* WORK INSTRUCTION *
Output the records again verbatim.

(Caption-style text data)
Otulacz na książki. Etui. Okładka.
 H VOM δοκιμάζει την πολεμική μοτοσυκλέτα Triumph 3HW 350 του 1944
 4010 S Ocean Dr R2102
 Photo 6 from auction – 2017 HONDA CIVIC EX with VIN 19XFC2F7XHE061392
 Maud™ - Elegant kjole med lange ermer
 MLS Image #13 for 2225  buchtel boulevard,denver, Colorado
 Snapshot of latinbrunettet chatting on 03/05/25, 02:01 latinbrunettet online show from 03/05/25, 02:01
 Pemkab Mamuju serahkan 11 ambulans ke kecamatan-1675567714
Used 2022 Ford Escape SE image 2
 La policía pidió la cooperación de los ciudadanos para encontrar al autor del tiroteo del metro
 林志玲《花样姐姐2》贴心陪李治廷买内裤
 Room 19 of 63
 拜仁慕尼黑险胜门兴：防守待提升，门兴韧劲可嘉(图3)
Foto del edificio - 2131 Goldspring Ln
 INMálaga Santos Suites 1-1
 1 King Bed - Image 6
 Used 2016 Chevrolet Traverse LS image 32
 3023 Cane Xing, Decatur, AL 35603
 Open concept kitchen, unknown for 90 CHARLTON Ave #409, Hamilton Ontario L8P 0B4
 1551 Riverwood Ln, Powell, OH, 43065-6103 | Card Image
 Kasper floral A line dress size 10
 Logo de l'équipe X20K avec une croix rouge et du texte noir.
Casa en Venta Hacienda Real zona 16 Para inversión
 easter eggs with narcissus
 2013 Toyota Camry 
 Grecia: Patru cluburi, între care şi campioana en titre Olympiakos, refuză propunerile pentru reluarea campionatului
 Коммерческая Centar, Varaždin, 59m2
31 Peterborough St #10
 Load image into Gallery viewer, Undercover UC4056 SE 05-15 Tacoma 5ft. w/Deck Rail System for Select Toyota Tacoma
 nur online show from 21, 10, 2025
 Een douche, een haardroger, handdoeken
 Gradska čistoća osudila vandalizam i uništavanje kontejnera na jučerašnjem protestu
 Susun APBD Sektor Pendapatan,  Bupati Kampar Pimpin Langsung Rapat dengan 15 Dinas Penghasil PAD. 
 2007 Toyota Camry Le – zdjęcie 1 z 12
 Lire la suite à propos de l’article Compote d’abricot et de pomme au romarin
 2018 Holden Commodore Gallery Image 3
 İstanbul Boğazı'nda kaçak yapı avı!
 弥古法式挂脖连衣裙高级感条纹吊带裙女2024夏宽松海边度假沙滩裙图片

* RESULT BELOW *
Otulacz na książki. Etui. Okładka.
 H VOM δοκιμάζει την πολεμική μοτοσυκλέτα Triumph 3HW 350 του 1944
 4010 S Ocean Dr R2102
 Photo 6 from auction – 2017 HONDA CIVIC EX with VIN 19XFC2F7XHE061392
 Maud™ - Elegant kjole med lange ermer
 MLS Image #13 for 2225  buchtel boulevard,denver, Colorado
 Snapshot of latinbrunettet chatting on 03/05/25, 02:01 latinbrunettet online show from 03/05/25, 02:01
 Pemkab Mamuju serahkan 11 ambulans ke kecamatan-1675567714
Used 2022 Ford Escape SE image 2
 La policía pidió la cooperación de los ciudadanos para encontrar al autor del tiroteo del metro
 林志玲《花样姐姐2》贴心陪李治廷买内裤
 Room 19 of 63
 拜仁慕尼黑险胜门兴：防守待提升，门兴韧劲可嘉(图3)
Foto del edificio - 2131 Goldspring Ln
 INMálaga Santos Suites 1-1
 1 King Bed - Image 6
 Used 2016 Chevrolet Traverse LS image 32
 3023 Cane Xing, Decatur, AL 35603
 Open concept kitchen, unknown for 90 CHARLTON Ave #409, Hamilton Ontario L8P 0B4
 1551 Riverwood Ln, Powell, OH, 43065-6103 | Card Image
 Kasper floral A line dress size 10
 Logo de l'équipe X20K avec une croix rouge et du texte noir.
Casa en Venta Hacienda Real zona 16 Para inversión
 easter eggs with narcissus
 2013 Toyota Camry 
 Grecia: Patru cluburi, între care şi campioana en titre Olympiakos, refuză propunerile pentru reluarea campionatului
 Коммерческая Centar, Varaždin, 59m2
31 Peterborough St #10
 Load image into Gallery viewer, Undercover UC4056 SE 05-15 Tacoma 5ft. w/Deck Rail System for Select Toyota Tacoma
 nur online show from 21, 10, 2025
 Een douche, een haardroger, handdoeken
 Gradska čistoća osudila vandalizam i uništavanje kontejnera na jučerašnjem protestu
 Susun APBD Sektor Pendapatan,  Bupati Kampar Pimpin Langsung Rapat dengan 15 Dinas Penghasil PAD. 
 2007 Toyota Camry Le – zdjęcie 1 z 12
 Lire la suite à propos de l’article Compote d’abricot et de pomme au romarin
 2018 Holden Commodore Gallery Image 3
 İstanbul Boğazı'nda kaçak yapı avı!
 弥古法式挂脖连衣裙高级感条纹吊带裙女2024夏宽松海边度假沙滩裙图片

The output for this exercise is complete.